Without taking up in detail the continuously sound financial policy of Mr. Hirsch during his second four years of service as state treasurer, the writer will here only undertake a brief recapitulation of the great advance made during his two terms, as will be seen in the following items; First, the state tax levy in the beginning of this administration in 1878 equaled seven mills; second, the last tax levy made by the board for general state purposes in the year 1886 equaled one and nineteen-twentieths mills only; third, in the year 1878 there were no public buildings finished or completed; at the close of this administration the State Asylum, State House and State Prison were almost completed, and in fine condition; fourth, this administration found a high tax when they took charge of state affairs; and they ended with an exceedingly low state tax; fifth, when this administration took charge, they found the public credit of the state largely impaired; and it was closed with public credit, advanced above par, and sustained by that public confidence that gives tone and solidity to public credits; sixth, this administration found a large debt to begin with, and ended with the public debt almost entirely liquidated, with the exception of one small balance, which could have been paid out of the general fund, but was not paid because it was due from a special fund; seventh, Mr. Hirsch as state treasurer, in taking charge of the office in the year 1878, received from his predecessor the sum of one hundred and twelve thousand dollars; when Mr. Hirsch as state treasurer turned over the state money to his successor in office, the sum was found to equal a total of three hundred and eighty-eight thousand dollars; and this one item alone speaks volumes for the sound and thorough financial policy constantly pursued by the subject of our sketch.

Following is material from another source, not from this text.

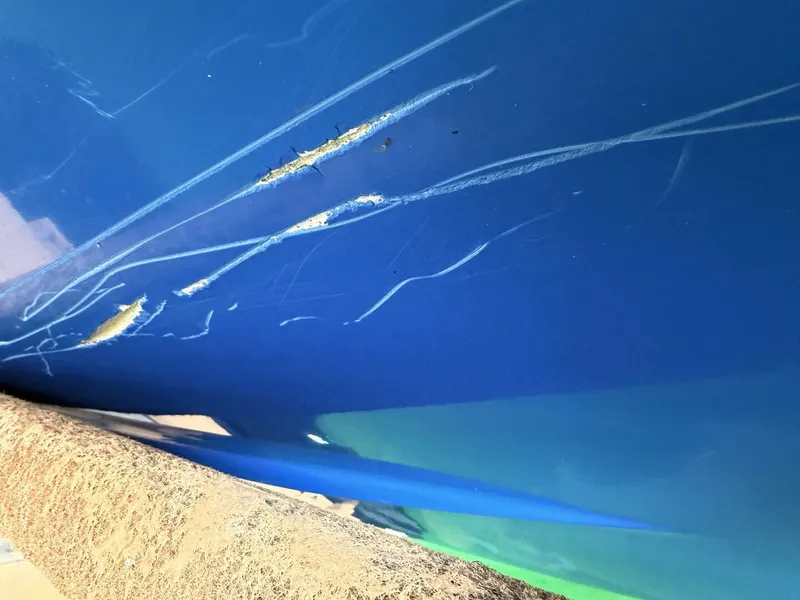 Slide: The Image of Correct Craft Air Nautique SV-211 Team Edition 2006 - 5989172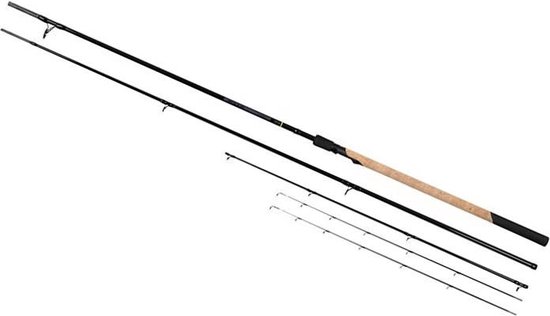 Matrix Aquos Ultra-D Feeder - Maat : 4.20m - 150g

Without reverting further to his success as a state financier, we will state that his honesty, integrity, discreet management of the public funds, his high social standing and unflinching adherence to the principles of the political party he espouses, have endeared him to the people of our state. His honesty is proverbial and his popularity great, having the respect of all and the enmity of but few. His liberality is acknowledged, although many of his acts of kindness are known to none but himself and the grateful recipients. Mr. Hirsch as a private citizen is greatly respected by all, and has served as a member of the common council of the city of Salem for several terms. Mr. Hirsch has been a prominent and active member of the Republican party for many years. He served as chairman of the Republican county central committee in the year 1876 with great ability. He has long been a prominent, useful and active member of the I.O.O.F. and of the A.O.U.W.
Mr. Hirsch was married May 10, 1868, to Miss Nettie Davis; and their family now consists of seven interesting children. Mr. and Mrs. Hirsch take an active interest in all social and public affairs. As an active, thorough-going and public-spirited citizen, Mr. Hirsch is destined to many long years of usefulness; and the people of this state will not fail to take advantage of his great abilities in the future as they have done in the past.